Sunday, July 07, 2019

Hobby rail critique, livable city ranking flaws, Houston tops Dallas for homeless reduction, and more

This week's items:
  • I've come around to accepting light rail to Hobby in the MetroNext plan as a less-than-optimal compromise among many different constituencies, but this Urban Reform blog post by Connor Harris of the Manhattan Institute makes a pretty strong case about the cost-inefficiency of such a line at $167,000 per new daily rider. His alternative:
"For improving service to Hobby Airport, Houston Metro has a much faster and cheaper option: express buses. 
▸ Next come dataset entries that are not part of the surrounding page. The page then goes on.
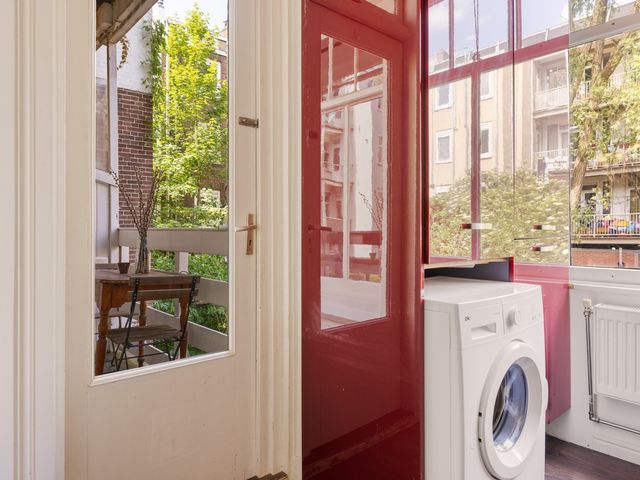 Borgerstraat 220 1, Amsterdam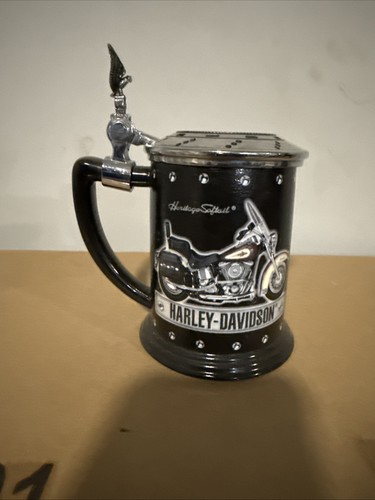 Vintage harley davidson - harley,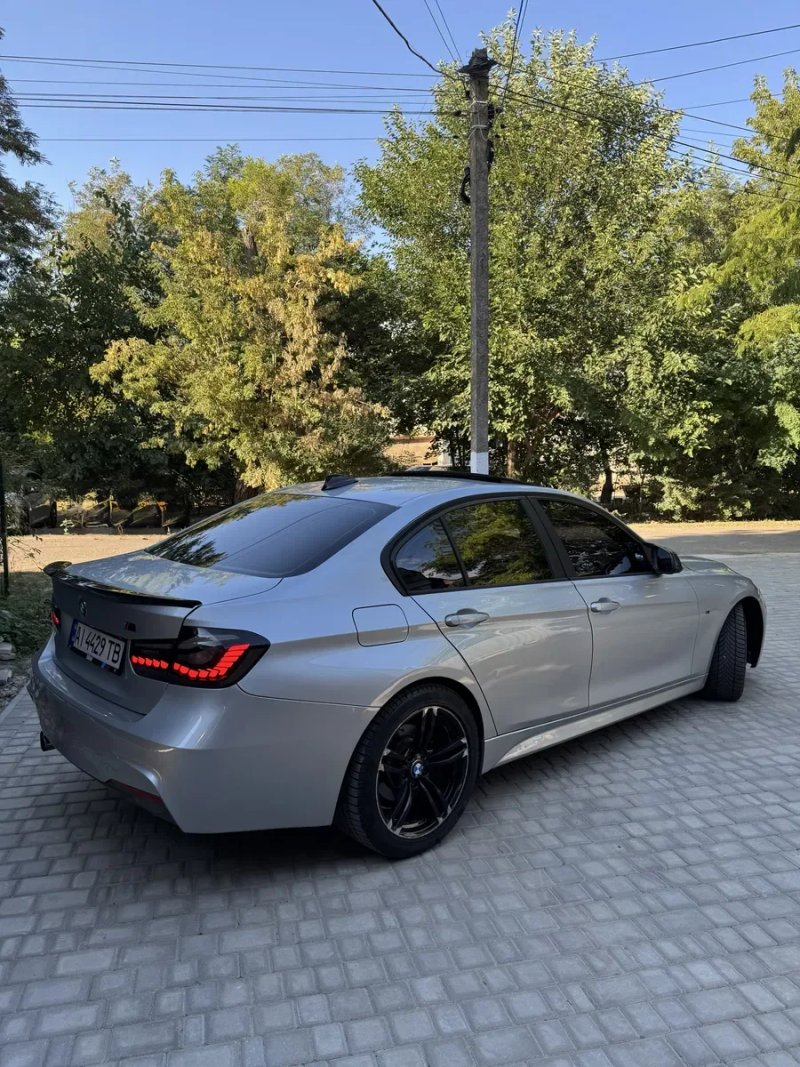 ‼️BMW F30‼️328 ‼️2015 год‼️MPerformance‼️ — фото 5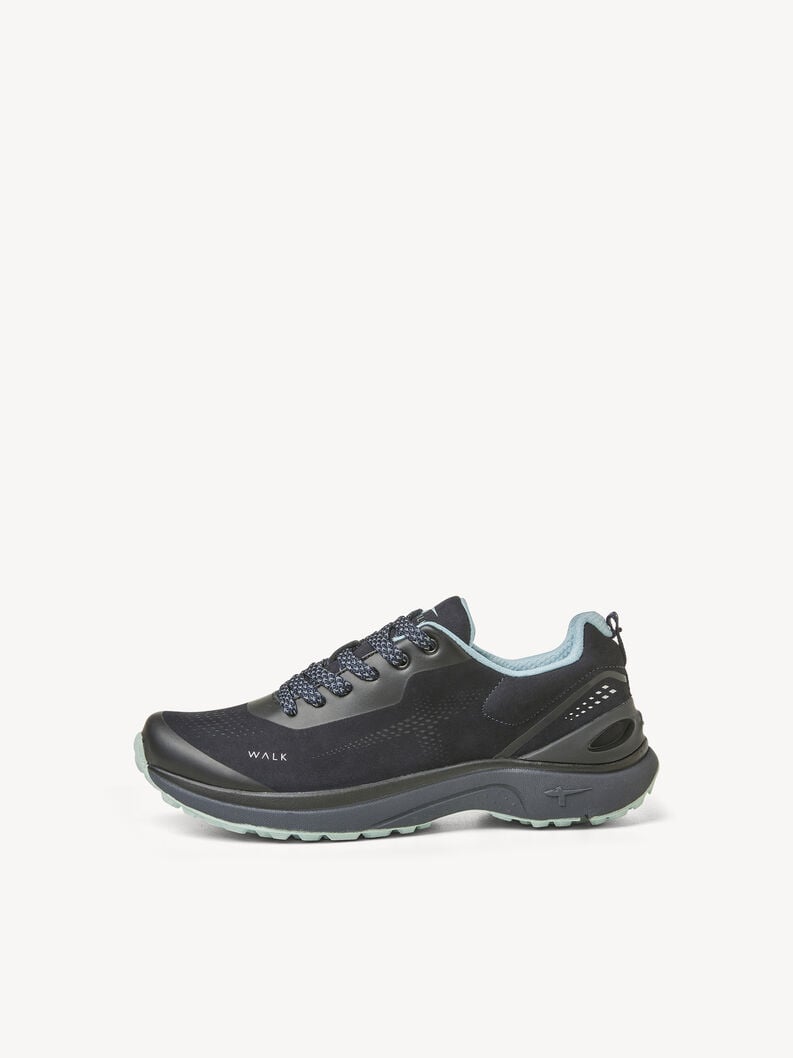 Tamaris | Leder Gore-Tex Wanderschuh W-0405 - Blau | Fount.Blue Uni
Currently, bus route 40, the only direct bus line from the airport to downtown, takes a scheduled 55 minutes to cover a distance that is less than 9 miles as the crow flies. An express bus alongside Interstate 45, however, could easily make the trip in 20 to 30 minutes—substantially faster than light rail, which currently averages only about 15 miles per hour. Buses could make the trip this fast even during rush hour: Interstate 45 has a separate HOV lane all the way from the airport to downtown, and adding an entrance at Airport Boulevard for express airport buses would just require repainting a few lane markings. Special-purpose express buses could also be fitted with luggage racks, which would compete with rush-hour commuters for space on light rail trains."
"Issues such as housing affordability are taken into account, for example, but have to balance against more rarified qualities such as access to opera, high-end restaurants, and other amenities. This isn’t all bad—for those who can afford them, opera and restaurants are wonderful things. The result is still that rankings often end up assessing cities in terms of a small band of citizens for whom almost all of such metrics are relevant. They assess, broadly, how much potential a city possesses when seen from a privileged point of view: that of a straight, affluent, mobile, and probably white couple who works in something akin to upper management and has children. Remove even one of those characteristics from the equation and the results often seem way off the mark.  City rankings are thus a window onto the projected tastes of a highly specific elite."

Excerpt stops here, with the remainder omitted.